Quello che spesso si sottovaluta: controlla prima se il tuo nuovo termostato è davvero compatibile con il tuo impianto di riscaldamento. Alcuni hanno bisogno di un'alimentazione specifica (24V, 230V o a batterie), e se sbagli lì il macchinario semplicemente non funziona. A casa mia è quasi diventato un problema, perché mi sono preso un termostato intelligente e all'improvviso aveva bisogno di corrente continua - il mio vecchio era ancora meccanico e aveva solo due fili. Dovresti controllare prima, altrimenti ti ritrovi con un apparecchio costoso che non funziona.

Lo scambio vero e proprio non è poi così difficile - scollega i vecchi fili, collega i nuovi agli stessi attacchi, fatto. La maggior parte dei nuovi modelli sono costruiti a prova di idiota. Solo: non avere fretta, scatta foto, e sappi davvero prima cosa ti serve.

Prima di toccare qualsiasi cosa, annota su un foglio quale funzione ha ogni singolo filo - non solo fotografare, ma anche etichettare. Sembra esagerato, ma quando ti ritroverai davanti al nuovo termostato a chiederti se il cavo rosso-bianco è per il riscaldamento o l'aria condizionata, mi ringrazierai. La maggior parte dei problemi nasce perché la gente si affida alle foto, ma la risoluzione è troppo bassa o i colori non rendono bene.
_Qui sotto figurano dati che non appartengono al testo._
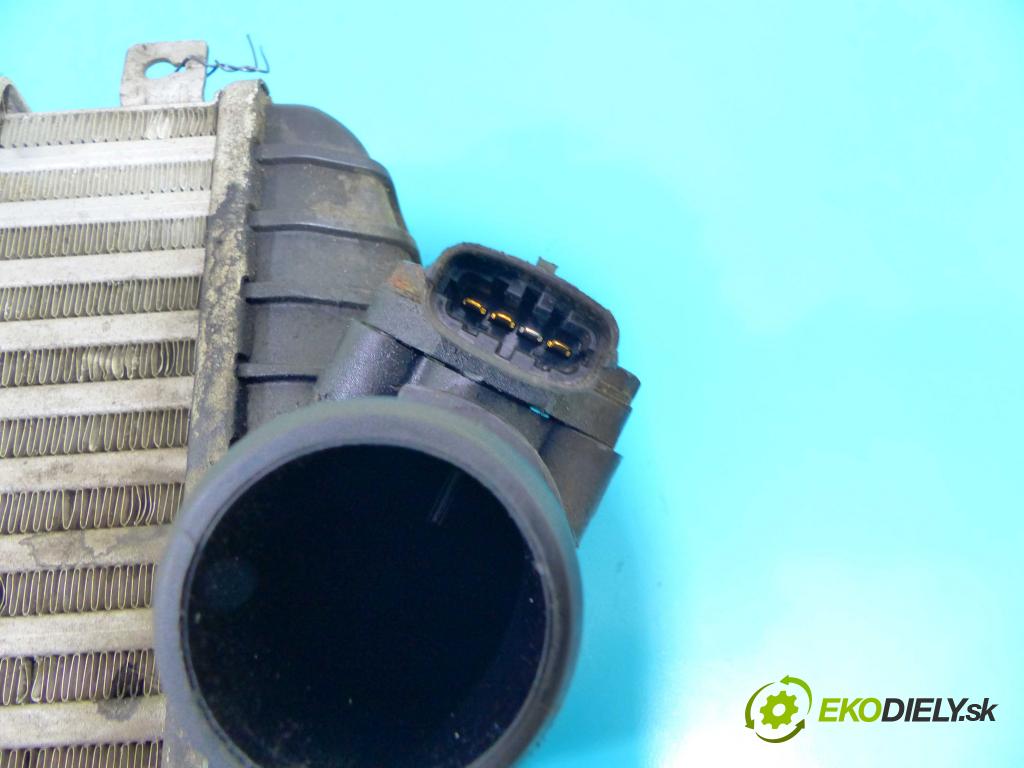 Hyundai I40 1.7 crdi 116 hp manual 85 kW 1685 cm3 5- Intercooler  (Chladiče nasávaného vzduchu (intercoolery))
Procurati un piccolo etichettatore o, se necessario, prendi del nastro adesivo e un pennarello - incolla piccoli foglietti su ogni filo con abbreviazioni come "R" per il riscaldamento, "C" per il raffreddamento o la versione di tensione corrispondente. Poi fai la foto. Va bene anche uno schema: disegna semplicemente il retro del tuo vecchio termostato e scrivi i numeri dei fili. Lo scambio vero e proprio non è per niente difficile - togli i vecchi fili, inserisci i nuovi, fatto. La maggior parte dei dispositivi moderni ha piccole clip che apri con un cacciavite, oppure sono già prefabbricati.

Se il tuo nuovo termostato è compatibile con il tuo impianto - e questo devi verificarlo prima - il montaggio vero e proprio ti porterà via forse 15-20 minuti. Comprati solo per sicurezza un piccolo cercafase o un multimetro, nel caso non fossi sicura se c'è ancora corrente. Costa quasi nulla e ti dà tranquillità.

Direi che molti la complicano inutilmente. Sì, le foto sono utili, ma non perché tu debba etichettare ogni cavo come in un manuale per scienziati missilistici. La maggior parte dei termostati di riscaldamento standard hanno solo pochi cavi - spesso solo quattro o cinque - e di solito sono nominati logicamente o codificati a colori. Se prendi un termostato intelligente moderno, il manuale ti mostra esattamente dove collegare cosa. Staccare la corrente è ovviamente obbligatorio, su questo hai ragione.

Il vero ostacolo è in realtà capire che sistema hai. Alcune case hanno riscaldamento centralizzato, altre singoli riscaldatori, alcune hanno bisogno dell'alimentazione per il termostato, altre no. Questo è molto più spesso il problema della cablatura vera e propria. Se non sei sicura, conviene piuttosto dare un'occhiata veloce al vecchio apparecchio o fare una foto, piuttosto che scrivere un sacco di numeri. E onestamente, se il tuo vecchio termostato ancora funziona, puoi prenderti tutto il tempo del mondo prima di smontarlo - non ti succede niente. Solo quando hai smontato tutto diventa critico per i tempi.